The European Commission is due to propose its carbon border tariff policy on July 14, a move designed to put EU firms on an equal footing with competitors in countries with weaker carbon policies than those of the 27-nation bloc.

The border levy would be applied in full from 2026, with a potential “transitional period” starting from 2023, according to a draft of the proposal, first reported by Bloomberg News late on Wednesday. The draft is subject to change before publication.

It would apply to iron and steel, aluminium, cement, fertilisers, and electricity.

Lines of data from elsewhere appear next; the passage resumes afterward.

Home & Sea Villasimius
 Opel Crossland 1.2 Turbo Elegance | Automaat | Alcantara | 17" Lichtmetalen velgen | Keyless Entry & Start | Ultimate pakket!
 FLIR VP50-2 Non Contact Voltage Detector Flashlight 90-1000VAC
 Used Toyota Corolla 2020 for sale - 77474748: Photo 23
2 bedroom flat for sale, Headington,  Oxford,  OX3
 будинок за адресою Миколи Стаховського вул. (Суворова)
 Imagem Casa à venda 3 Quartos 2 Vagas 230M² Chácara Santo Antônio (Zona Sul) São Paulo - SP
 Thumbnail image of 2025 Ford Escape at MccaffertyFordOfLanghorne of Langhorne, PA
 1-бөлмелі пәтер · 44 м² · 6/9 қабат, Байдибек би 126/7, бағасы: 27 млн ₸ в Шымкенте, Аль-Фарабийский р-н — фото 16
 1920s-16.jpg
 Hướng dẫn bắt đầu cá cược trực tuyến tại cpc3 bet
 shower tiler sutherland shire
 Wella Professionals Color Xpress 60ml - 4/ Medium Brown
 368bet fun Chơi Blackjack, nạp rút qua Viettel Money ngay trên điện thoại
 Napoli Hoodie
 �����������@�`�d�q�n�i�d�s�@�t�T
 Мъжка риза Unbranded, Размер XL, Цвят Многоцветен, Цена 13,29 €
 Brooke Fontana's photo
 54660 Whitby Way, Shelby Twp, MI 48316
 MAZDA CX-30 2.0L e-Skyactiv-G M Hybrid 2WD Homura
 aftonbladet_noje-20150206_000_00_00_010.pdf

Importers would be required to buy digital certificates, with each one representing a tonne of carbon dioxide emissions embedded in their imported goods.

The price of the certificates will be linked to the cost of permits in the EU carbon market, and based on the average price of auctions of EU carbon permits each week.

EU power plants and industrial facilities are required to buy permits from the EU carbon market to cover their emissions. The price of those permits has soared to records this year and on Thursday was trading at 51 euros ($62.06) per tonne of CO2.

The Commission declined to comment on the proposal, but said the measure would be fully compliant with World Trade Organisation rules.

Despite those assurances, the plan has drawn opposition from countries including Russia, for whom it could make the ability to sell certain goods into the EU market conditional on paying for their emissions.

Each year, by May 31, importers must report the amount of emissions embedded in the goods they imported into Europe in the previous year, and surrender the corresponding number of border levy certificates.

If an importer fails to properly report its emissions, or the amount cannot be independently verified, the number of certificates they must surrender will be based on default values, the draft said.

Failure to submit a certificate would result in a financial penalty three times the cost of the certificate.

The document said importers may be able to claim a reduction in their carbon border costs if they are based in a country where they already pay a CO2 price. China and California are among the regions already using CO2 pricing systems, although the scope and price level is different to that of the EU.